Yesterday, SEC Chairman Schapiro testified before the Senate Subcommittee on Securities, Insurance, and Investment  (Chairman Schapiro testimony) . In her Market Structure remarks, she had this to say:

 “As highlighted by the events of May 6, the current structure has many potential issues that should be studied and addressed where appropriate. High-speed, algorithm-driven electronic trading has increased the risk of sudden liquidity imbalances that can lead to disorderly market conditions and unexpected volatility. The continuing growth of trading in dark pools and other types of dark venues can challenge the quality of the market’s price-discovery function. And the complexity of the market structure sometimes makes it difficult for even sophisticated investors to pursue their own best interests.”

 “Sudden liquidity imbalances”, “challenge the quality of price discovery”, “difficult to pursue their best interests”…..what happened to high frequency trading shrinks spreads and adds liquidity.  We are glad the Chairman hasn’t been swayed by all the lobbyists running around DC.  And we hope that she can solve her budget issues and move forward with market structure reforms like the Consolidate Audit Trail and the Cancellation Fee.

 In addition to the Chairman’s remarks, we also recently stumbled on some very interesting comments from Morningstar.

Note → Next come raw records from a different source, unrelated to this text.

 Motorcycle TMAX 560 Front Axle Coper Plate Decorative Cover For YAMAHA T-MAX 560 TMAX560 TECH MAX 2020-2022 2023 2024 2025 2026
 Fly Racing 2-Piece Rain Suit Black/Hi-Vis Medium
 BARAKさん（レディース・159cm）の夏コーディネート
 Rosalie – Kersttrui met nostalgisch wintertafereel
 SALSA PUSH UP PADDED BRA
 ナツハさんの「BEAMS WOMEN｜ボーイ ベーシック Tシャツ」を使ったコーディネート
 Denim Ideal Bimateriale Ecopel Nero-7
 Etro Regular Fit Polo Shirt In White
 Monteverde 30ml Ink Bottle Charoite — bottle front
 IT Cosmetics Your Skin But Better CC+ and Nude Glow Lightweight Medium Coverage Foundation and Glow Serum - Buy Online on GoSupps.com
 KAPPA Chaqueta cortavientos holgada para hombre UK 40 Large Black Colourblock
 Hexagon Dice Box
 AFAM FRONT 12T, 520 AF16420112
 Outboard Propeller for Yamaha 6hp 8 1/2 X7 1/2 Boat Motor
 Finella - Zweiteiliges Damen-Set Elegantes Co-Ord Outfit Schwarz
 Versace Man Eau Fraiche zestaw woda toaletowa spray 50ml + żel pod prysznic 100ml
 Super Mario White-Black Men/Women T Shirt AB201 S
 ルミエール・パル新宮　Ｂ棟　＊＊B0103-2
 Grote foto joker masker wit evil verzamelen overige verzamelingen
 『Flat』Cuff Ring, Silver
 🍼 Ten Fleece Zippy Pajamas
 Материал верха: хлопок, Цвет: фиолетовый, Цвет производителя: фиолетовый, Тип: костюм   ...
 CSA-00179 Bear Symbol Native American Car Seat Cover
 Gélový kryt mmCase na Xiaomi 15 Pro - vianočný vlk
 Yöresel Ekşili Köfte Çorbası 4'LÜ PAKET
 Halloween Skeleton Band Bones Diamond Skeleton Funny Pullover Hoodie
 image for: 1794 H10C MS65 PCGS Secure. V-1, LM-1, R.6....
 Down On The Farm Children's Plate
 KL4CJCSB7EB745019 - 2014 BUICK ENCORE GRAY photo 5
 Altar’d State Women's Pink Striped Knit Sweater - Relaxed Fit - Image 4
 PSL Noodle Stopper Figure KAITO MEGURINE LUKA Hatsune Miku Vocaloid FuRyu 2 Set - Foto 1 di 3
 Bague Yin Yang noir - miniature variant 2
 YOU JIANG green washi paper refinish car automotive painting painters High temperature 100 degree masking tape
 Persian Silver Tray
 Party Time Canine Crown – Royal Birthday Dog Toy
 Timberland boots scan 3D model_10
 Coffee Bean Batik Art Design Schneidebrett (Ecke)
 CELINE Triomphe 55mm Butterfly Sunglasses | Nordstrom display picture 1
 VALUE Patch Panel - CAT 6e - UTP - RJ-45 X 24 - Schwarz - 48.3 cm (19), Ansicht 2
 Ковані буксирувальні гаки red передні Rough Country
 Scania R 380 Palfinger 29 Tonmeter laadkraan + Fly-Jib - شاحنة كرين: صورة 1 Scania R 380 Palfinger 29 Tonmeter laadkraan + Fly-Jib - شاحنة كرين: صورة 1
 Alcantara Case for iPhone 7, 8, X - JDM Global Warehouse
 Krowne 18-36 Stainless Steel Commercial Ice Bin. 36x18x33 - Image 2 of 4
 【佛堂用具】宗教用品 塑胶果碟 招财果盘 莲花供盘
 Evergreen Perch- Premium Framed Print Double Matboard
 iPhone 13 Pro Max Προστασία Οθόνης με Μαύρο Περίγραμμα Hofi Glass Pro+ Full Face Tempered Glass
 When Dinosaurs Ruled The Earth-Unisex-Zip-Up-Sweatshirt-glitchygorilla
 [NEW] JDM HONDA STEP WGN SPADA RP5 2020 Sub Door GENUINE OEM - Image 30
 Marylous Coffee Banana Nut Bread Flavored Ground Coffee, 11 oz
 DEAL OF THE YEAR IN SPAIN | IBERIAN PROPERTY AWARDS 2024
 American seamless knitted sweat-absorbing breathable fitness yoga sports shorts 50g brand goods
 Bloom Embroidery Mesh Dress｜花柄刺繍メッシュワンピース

In a very well balanced piece titled “Market Structure Arbitrage” Click here for Morningstar piece,  Morningstar eloquently details many of the issues facing our market structure today.  They highlight high frequency trading practices such as liquidity rebate trading and latency arbitrage and even quote from a Themis Trading white paper (yeah, that’s one reason why we liked this report).  There were quite a few strong statements in the report including:

 “In stark contrast to statistical arbitrageurs, true high frequency traders ignore both economic theory and the underlying characteristics of the instruments they trade, instead gleaning profits from the structure of the markets they trade in at the expense of retail investors or the institutions trading on their behalf.”

 “(Co-location) creates an arbitrage opportunity, allowing the high frequency trader, who can trade in microseconds to trade ahead of an institution and pocket the difference.”

 “It’s unlikely that high-frequency traders taking advantage of our current market structure inefficiencies are benefiting investors.”

 “Transparency is the answer to the high=frequency trading dilemma.”

 As we have said in the past, there are times when we feel like nothing will ever get changed with our market structure and HFT will continue to dominate both price and volume.  But then when we read comments from the likes of Chairman Schapiro and from Morningstar, we realize that we are not alone and that there are lots of frustrated investors who are starting to demand change.  We will keep up our end of the fight and continue to highlight these issues and we hope that every investor who is not satisfied with our current market structure continues to voice their concerns.